When you reach the line in the data below that contains "Breakin&#39; The All", please start repeating lines exactly, and stop after the line that contains "Coat of Arms", repeating nothing else.

[[ Information provided, beginning ]]

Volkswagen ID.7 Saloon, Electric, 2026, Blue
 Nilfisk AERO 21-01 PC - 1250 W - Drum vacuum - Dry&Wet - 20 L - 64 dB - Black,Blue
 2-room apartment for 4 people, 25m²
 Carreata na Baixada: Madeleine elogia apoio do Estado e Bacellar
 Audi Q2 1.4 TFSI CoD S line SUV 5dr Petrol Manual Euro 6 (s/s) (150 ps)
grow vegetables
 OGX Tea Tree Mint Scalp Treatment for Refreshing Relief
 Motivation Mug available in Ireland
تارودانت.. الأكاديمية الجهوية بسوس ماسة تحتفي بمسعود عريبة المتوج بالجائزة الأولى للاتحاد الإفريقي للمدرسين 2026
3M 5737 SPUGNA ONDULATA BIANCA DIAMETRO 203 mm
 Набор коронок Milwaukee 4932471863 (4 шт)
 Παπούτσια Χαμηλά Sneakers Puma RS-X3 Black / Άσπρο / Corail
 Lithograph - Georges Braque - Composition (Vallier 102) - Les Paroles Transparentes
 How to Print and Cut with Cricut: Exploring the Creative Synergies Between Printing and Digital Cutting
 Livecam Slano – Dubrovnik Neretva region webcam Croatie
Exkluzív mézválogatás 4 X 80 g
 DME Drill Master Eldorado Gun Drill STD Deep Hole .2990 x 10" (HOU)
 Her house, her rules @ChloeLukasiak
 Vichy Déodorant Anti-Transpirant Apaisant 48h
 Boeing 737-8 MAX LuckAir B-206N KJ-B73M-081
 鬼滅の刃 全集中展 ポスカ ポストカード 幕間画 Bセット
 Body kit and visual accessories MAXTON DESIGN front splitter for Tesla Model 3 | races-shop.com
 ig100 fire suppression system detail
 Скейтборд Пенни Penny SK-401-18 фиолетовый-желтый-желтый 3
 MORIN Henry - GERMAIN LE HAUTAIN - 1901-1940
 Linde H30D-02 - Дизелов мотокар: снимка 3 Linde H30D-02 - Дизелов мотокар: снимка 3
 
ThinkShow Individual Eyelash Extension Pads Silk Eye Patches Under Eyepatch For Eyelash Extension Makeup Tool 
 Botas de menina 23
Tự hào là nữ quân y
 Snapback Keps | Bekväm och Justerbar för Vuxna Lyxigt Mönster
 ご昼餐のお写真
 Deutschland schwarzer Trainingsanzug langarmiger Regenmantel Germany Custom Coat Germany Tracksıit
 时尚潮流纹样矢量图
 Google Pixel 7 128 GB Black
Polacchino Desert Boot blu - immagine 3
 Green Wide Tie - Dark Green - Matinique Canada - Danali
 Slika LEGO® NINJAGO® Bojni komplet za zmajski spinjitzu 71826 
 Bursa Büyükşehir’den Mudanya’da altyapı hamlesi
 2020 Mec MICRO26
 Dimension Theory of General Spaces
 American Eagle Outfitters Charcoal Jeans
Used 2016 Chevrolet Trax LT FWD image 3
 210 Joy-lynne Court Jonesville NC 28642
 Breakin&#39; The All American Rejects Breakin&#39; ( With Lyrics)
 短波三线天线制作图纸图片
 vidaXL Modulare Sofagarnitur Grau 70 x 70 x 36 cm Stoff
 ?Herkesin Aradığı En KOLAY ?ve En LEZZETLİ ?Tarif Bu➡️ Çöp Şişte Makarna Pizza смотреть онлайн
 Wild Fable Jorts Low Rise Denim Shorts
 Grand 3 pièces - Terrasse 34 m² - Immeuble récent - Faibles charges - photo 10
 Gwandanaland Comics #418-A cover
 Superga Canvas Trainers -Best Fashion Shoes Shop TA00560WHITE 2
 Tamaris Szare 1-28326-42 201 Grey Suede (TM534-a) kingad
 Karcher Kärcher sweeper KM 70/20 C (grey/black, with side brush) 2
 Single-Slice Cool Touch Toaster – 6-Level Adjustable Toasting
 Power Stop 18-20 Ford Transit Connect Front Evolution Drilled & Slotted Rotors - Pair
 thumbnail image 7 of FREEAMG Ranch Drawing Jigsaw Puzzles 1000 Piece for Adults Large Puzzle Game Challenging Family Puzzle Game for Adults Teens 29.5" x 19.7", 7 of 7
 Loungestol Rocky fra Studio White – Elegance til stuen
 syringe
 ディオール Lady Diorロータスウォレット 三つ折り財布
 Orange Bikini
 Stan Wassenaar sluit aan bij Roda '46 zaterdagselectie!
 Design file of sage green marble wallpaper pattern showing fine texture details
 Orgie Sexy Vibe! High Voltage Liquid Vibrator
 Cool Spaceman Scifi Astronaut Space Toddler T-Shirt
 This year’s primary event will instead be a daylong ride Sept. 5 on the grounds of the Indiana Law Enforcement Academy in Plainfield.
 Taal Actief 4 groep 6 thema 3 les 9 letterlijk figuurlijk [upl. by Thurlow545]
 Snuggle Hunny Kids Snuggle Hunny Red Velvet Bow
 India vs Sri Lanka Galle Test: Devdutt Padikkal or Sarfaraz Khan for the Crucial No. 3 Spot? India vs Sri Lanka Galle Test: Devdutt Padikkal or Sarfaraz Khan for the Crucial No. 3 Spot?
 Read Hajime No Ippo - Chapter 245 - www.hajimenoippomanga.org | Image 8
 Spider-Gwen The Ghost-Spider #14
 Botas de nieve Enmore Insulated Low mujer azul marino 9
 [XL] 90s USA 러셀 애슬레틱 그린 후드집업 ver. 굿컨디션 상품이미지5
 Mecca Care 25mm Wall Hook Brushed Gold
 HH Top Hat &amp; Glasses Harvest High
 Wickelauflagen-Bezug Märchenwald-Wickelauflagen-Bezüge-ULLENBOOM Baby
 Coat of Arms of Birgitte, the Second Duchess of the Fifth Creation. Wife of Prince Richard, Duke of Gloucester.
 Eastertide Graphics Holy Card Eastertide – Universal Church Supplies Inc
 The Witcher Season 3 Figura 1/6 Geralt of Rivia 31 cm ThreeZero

[[ Information provided, end ]]

● **Output of the task**:
 Breakin&#39; The All American Rejects Breakin&#39; ( With Lyrics)
 短波三线天线制作图纸图片
 vidaXL Modulare Sofagarnitur Grau 70 x 70 x 36 cm Stoff
 ?Herkesin Aradığı En KOLAY ?ve En LEZZETLİ ?Tarif Bu➡️ Çöp Şişte Makarna Pizza смотреть онлайн
 Wild Fable Jorts Low Rise Denim Shorts
 Grand 3 pièces - Terrasse 34 m² - Immeuble récent - Faibles charges - photo 10
 Gwandanaland Comics #418-A cover
 Superga Canvas Trainers -Best Fashion Shoes Shop TA00560WHITE 2
 Tamaris Szare 1-28326-42 201 Grey Suede (TM534-a) kingad
 Karcher Kärcher sweeper KM 70/20 C (grey/black, with side brush) 2
 Single-Slice Cool Touch Toaster – 6-Level Adjustable Toasting
 Power Stop 18-20 Ford Transit Connect Front Evolution Drilled & Slotted Rotors - Pair
 thumbnail image 7 of FREEAMG Ranch Drawing Jigsaw Puzzles 1000 Piece for Adults Large Puzzle Game Challenging Family Puzzle Game for Adults Teens 29.5" x 19.7", 7 of 7
 Loungestol Rocky fra Studio White – Elegance til stuen
 syringe
 ディオール Lady Diorロータスウォレット 三つ折り財布
 Orange Bikini
 Stan Wassenaar sluit aan bij Roda '46 zaterdagselectie!
 Design file of sage green marble wallpaper pattern showing fine texture details
 Orgie Sexy Vibe! High Voltage Liquid Vibrator
 Cool Spaceman Scifi Astronaut Space Toddler T-Shirt
 This year’s primary event will instead be a daylong ride Sept. 5 on the grounds of the Indiana Law Enforcement Academy in Plainfield.
 Taal Actief 4 groep 6 thema 3 les 9 letterlijk figuurlijk [upl. by Thurlow545]
 Snuggle Hunny Kids Snuggle Hunny Red Velvet Bow
 India vs Sri Lanka Galle Test: Devdutt Padikkal or Sarfaraz Khan for the Crucial No. 3 Spot? India vs Sri Lanka Galle Test: Devdutt Padikkal or Sarfaraz Khan for the Crucial No. 3 Spot?
 Read Hajime No Ippo - Chapter 245 - www.hajimenoippomanga.org | Image 8
 Spider-Gwen The Ghost-Spider #14
 Botas de nieve Enmore Insulated Low mujer azul marino 9
 [XL] 90s USA 러셀 애슬레틱 그린 후드집업 ver. 굿컨디션 상품이미지5
 Mecca Care 25mm Wall Hook Brushed Gold
 HH Top Hat &amp; Glasses Harvest High
 Wickelauflagen-Bezug Märchenwald-Wickelauflagen-Bezüge-ULLENBOOM Baby
 Coat of Arms of Birgitte, the Second Duchess of the Fifth Creation. Wife of Prince Richard, Duke of Gloucester.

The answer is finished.